# Vertical mill machining knives



## Clash (Apr 23, 2013)

I'm wondering if anybody has experience using vertical mills/CNC to cut blades? Even just initial material removal then finish sand?? I do mean the edge, not the profile.


----------



## JMJones (Apr 23, 2013)

a guy named nathan the machinist on bladeforums is doing a work in progress right now in shop talk. It is pretty intensive and to me seems like a pretty difficult way to make a pretty simple blade.


----------



## Clash (Apr 24, 2013)

Yes, conventional machining would be pretty hard. Cnc might work pretty well though.
I'll take a look at his progress. Thanks


----------



## stereo.pete (Apr 24, 2013)

I am following the same thread from Nathan and the one advantage that I see is that once you have the machine set up you can knock out multiple copies at a time during each phase of the knife making process.


----------



## HHH Knives (Apr 24, 2013)

I have not seen the WIP Nate is doing, But agree. If one had the set up and skill to jig and program the CNC you could do as many as you want. and one would be exactly the same as the next. 

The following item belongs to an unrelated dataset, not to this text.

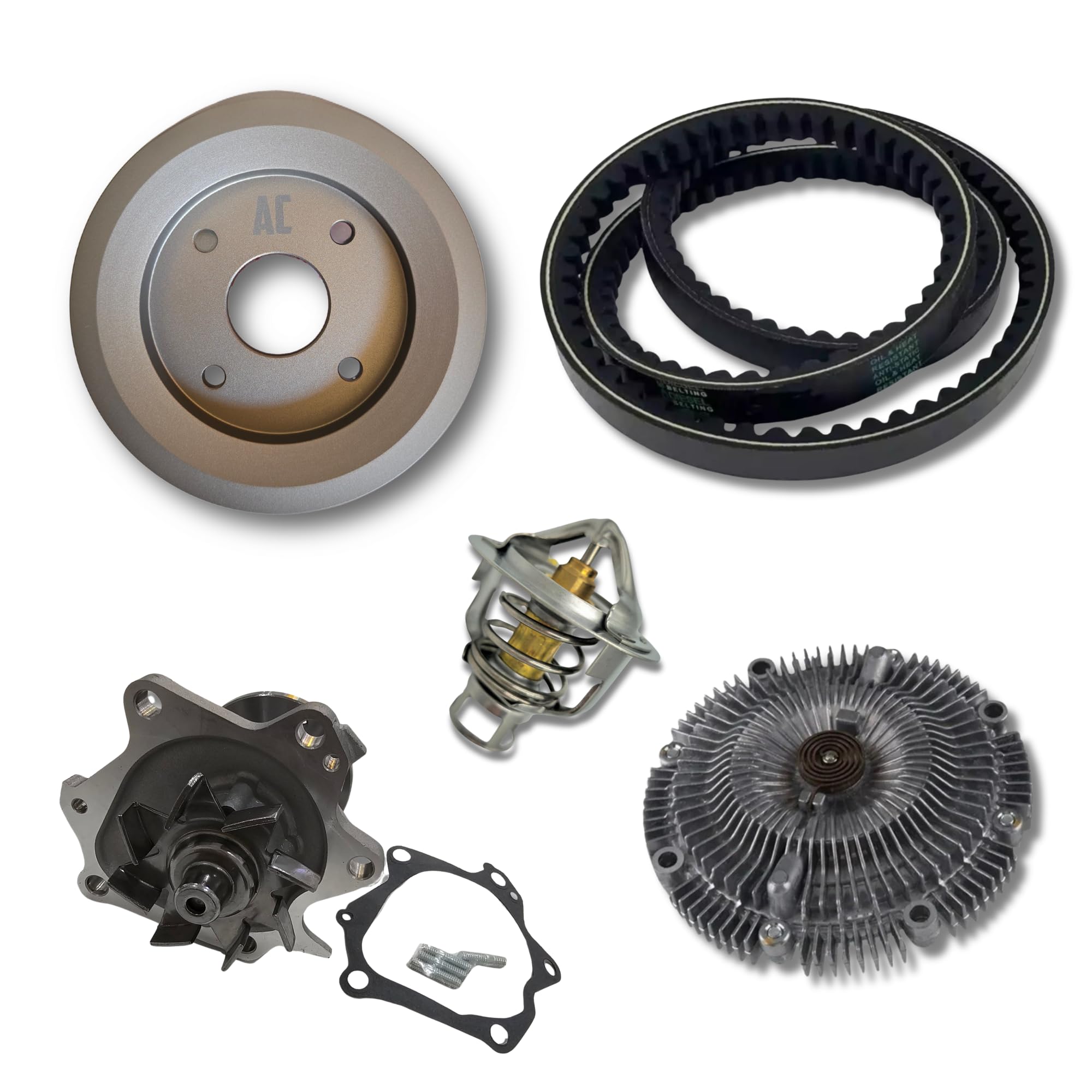 Kit refrigeración motor compatible con Nissan Patrol RD28 RD28T RD28TI 260 Y60 Y61 polea reducida + termostato 76 grados + viscoso + bomba agua 8 palas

This brings up another question. Is the finished knife made by this method considered a custom knife or semi custom, or a mid tech etc. Its gets muddy and probably a question better left for another post. 

As to the initial question. Yes its possible to do alot with one of these mills. In the right hands there is nothing you cant make with a vertical mill.


----------



## Clash (Apr 24, 2013)

Without a doubt on both points. Very accurate and consistent, but not a traditional custon knife for sure.


----------